Under Ontario law, non-compete clauses are enforceable where they are reasonable in scope, duration, and geographic area, and necessary to protect a legitimate proprietary interest. Courts may read down overbroad provisions rather than void them entirely. The Founder acknowledges receiving independent legal advice prior to signing.

6. Non-Solicitation

For a period of 24 months following cessation of involvement with the Corporation, the Founder agrees not to:

Employee Non-Solicitation

Solicit, recruit, or hire any employee, officer, director, or contractor of ClearGlass Inc., or encourage any such person to terminate their engagement with the Corporation.

Client Non-Solicitation

Solicit business from, or accept business from, any client of ClearGlass Inc. that the Founder had material contact with during the 12 months preceding departure, where such business would be competitive with ClearGlass's services.
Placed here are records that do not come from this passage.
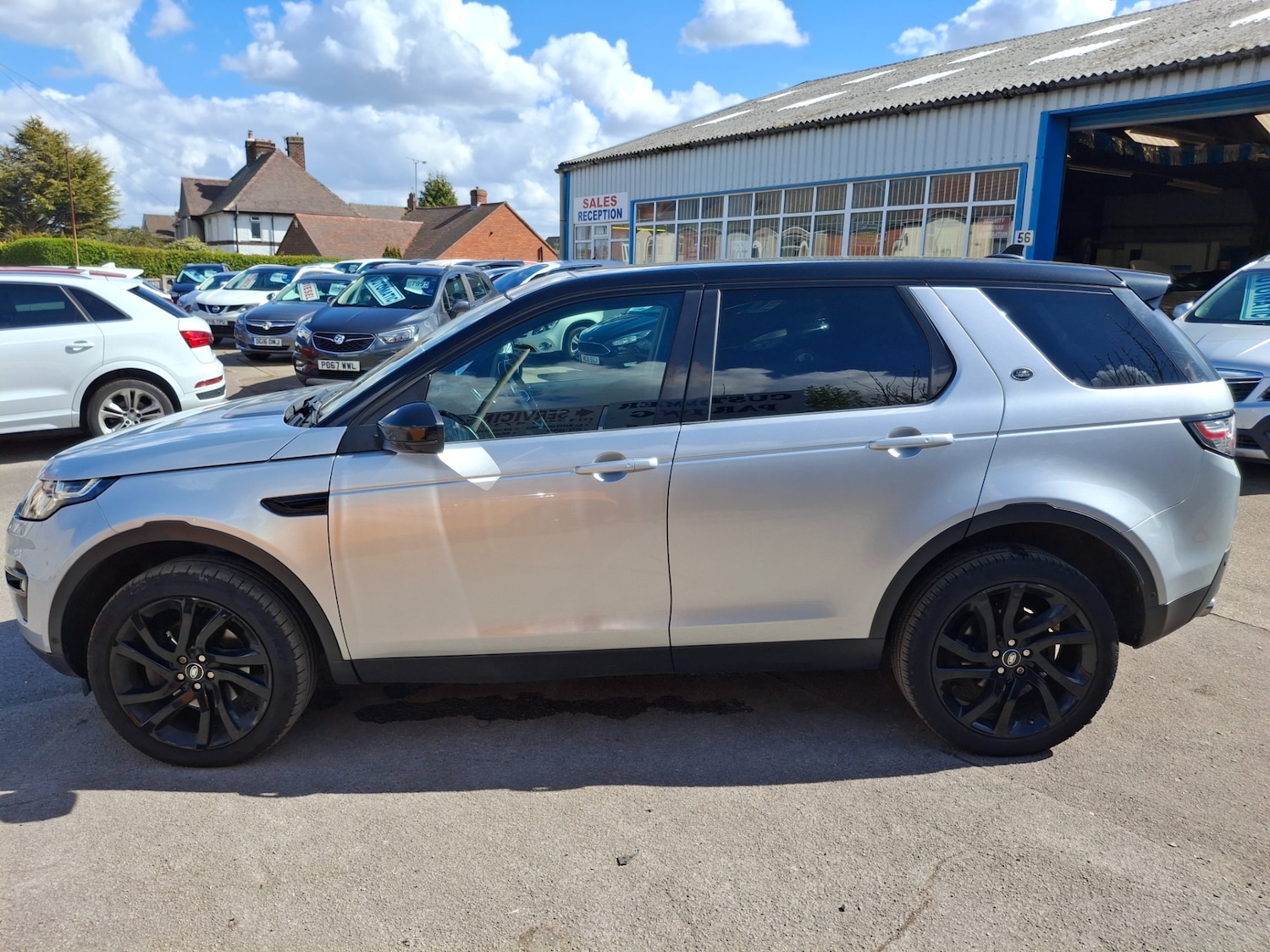 Used Land Rover Discovery Sport 2016 for sale - 78223363: Photo 5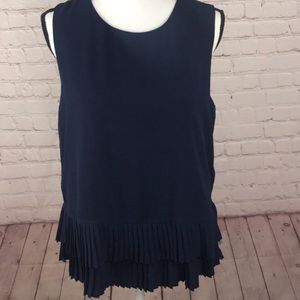 💃🏻SALE💃🏻Q&A Navy Top With Pleats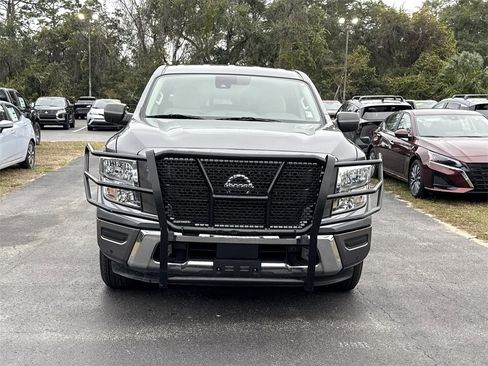 Certified 2023 Nissan Titan SV w/ SV Convenience Package image 3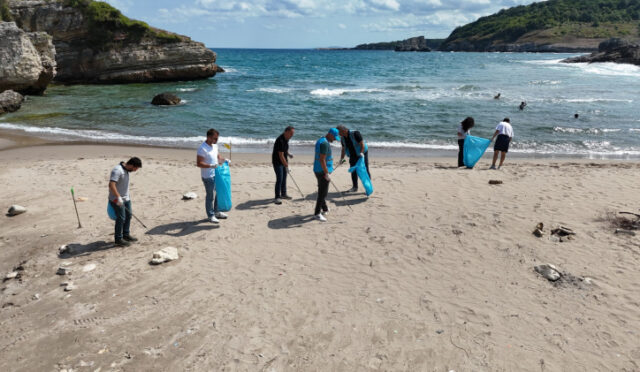 deniz-ve-kiyi-temizliginde-durmak-yok-4-buyuk-1756470909-299-x750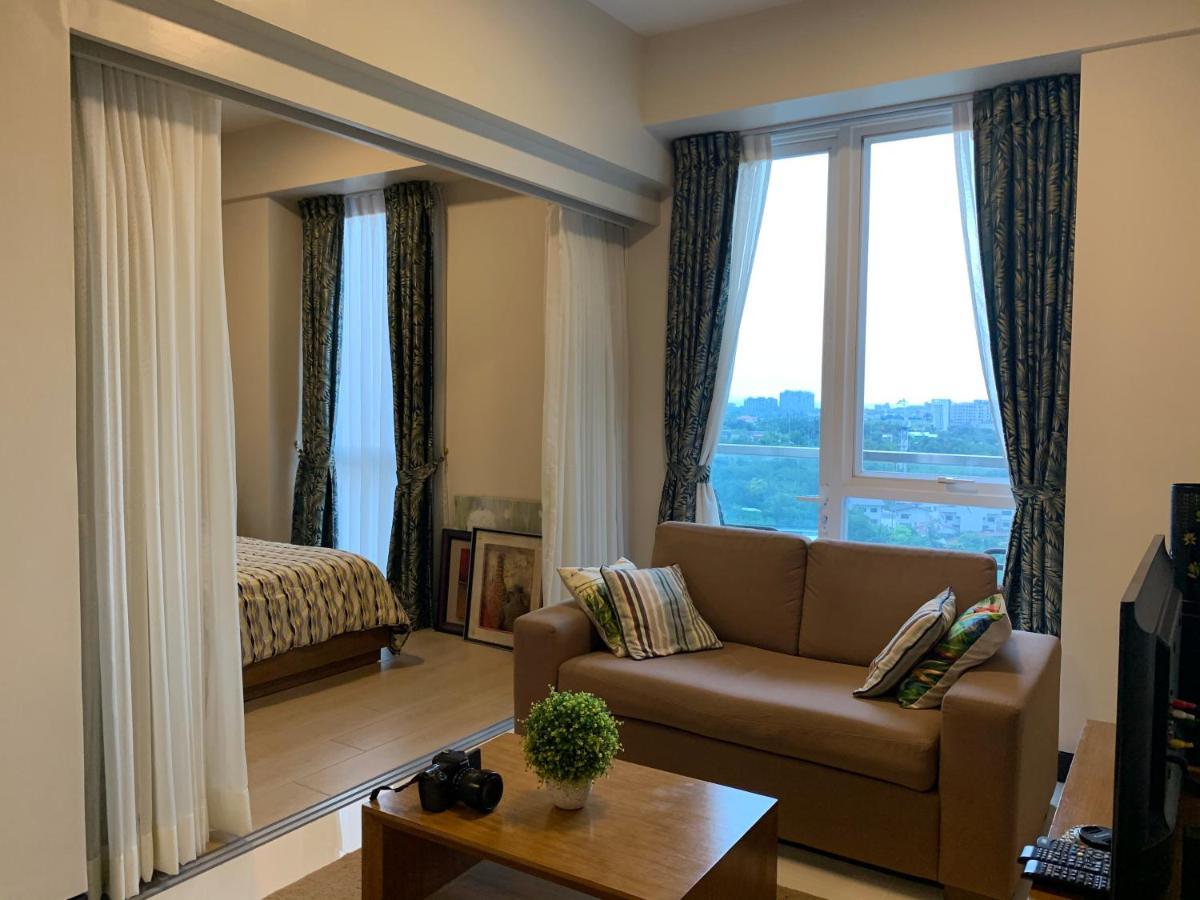 דירות מקטאן Mactan Newtown Deluxe Island Breeze מראה חיצוני תמונה
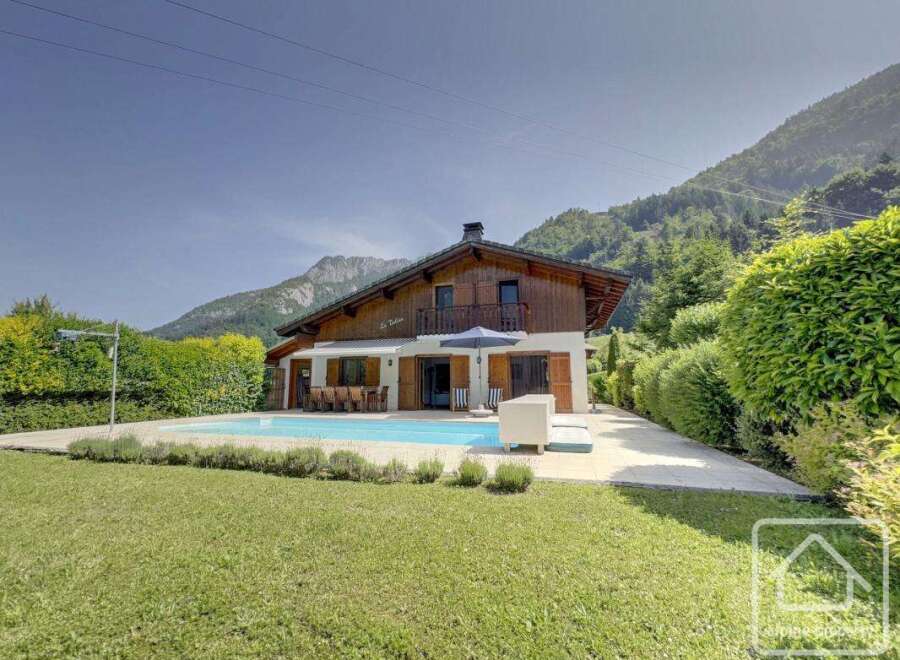 Discover your dream home in this stunning property! This house boasts a beautiful pool, perfect for relaxing on warm days.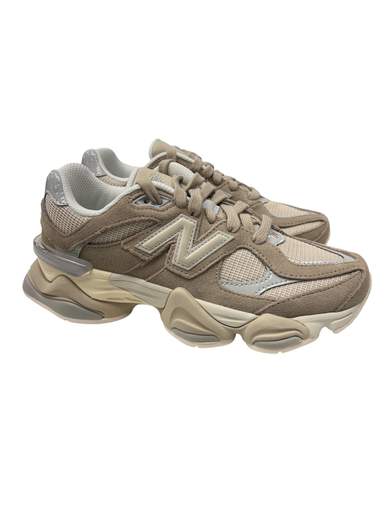 NEW BALANCE U90608AP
7. Exceptions and Carve-Outs

The obligations in this Agreement do not apply to information that:

  • Is or becomes generally available to the public through no breach of this Agreement by the Founder
  • Was known to the Founder prior to disclosure by or on behalf of the Corporation, as evidenced by pre-existing written records
  • Is independently developed by the Founder without reference to Confidential Information
  • Is required to be disclosed by law, court order, or regulatory requirement (provided the Founder gives the Corporation prompt written notice and cooperates to seek a protective order)

8. Remedies

The Founder acknowledges that breach of this Agreement would cause irreparable harm to the Corporation for which monetary damages alone would be an inadequate remedy. Accordingly, the Corporation shall be entitled to seek:

  • Injunctive or other equitable relief without posting a bond or proving actual damages
  • Specific performance
  • Monetary damages including lost profits and disgorgement of profits derived from breach
  • Recovery of reasonable legal fees and costs in any successful enforcement action

9. Term and Survival

This Agreement is effective upon execution and remains in effect for the duration of the Founder's involvement with the Corporation. The following provisions survive termination:

  • Confidentiality obligations — perpetual (trade secrets) / 5 years (other Confidential Information)
  • Non-competition — 24 months post-departure
  • Non-solicitation — 24 months post-departure
  • Remedies — survive indefinitely

10. Governing Law

This Agreement is governed by the laws of the Province of Ontario and the federal laws of Canada applicable therein. Any dispute shall be resolved in the courts of Ontario.

If any provision of this Agreement is held by a court to be unenforceable, the court may modify such provision to the minimum extent necessary to make it enforceable, and all other provisions shall remain in full force. Severability applies to each restriction independently.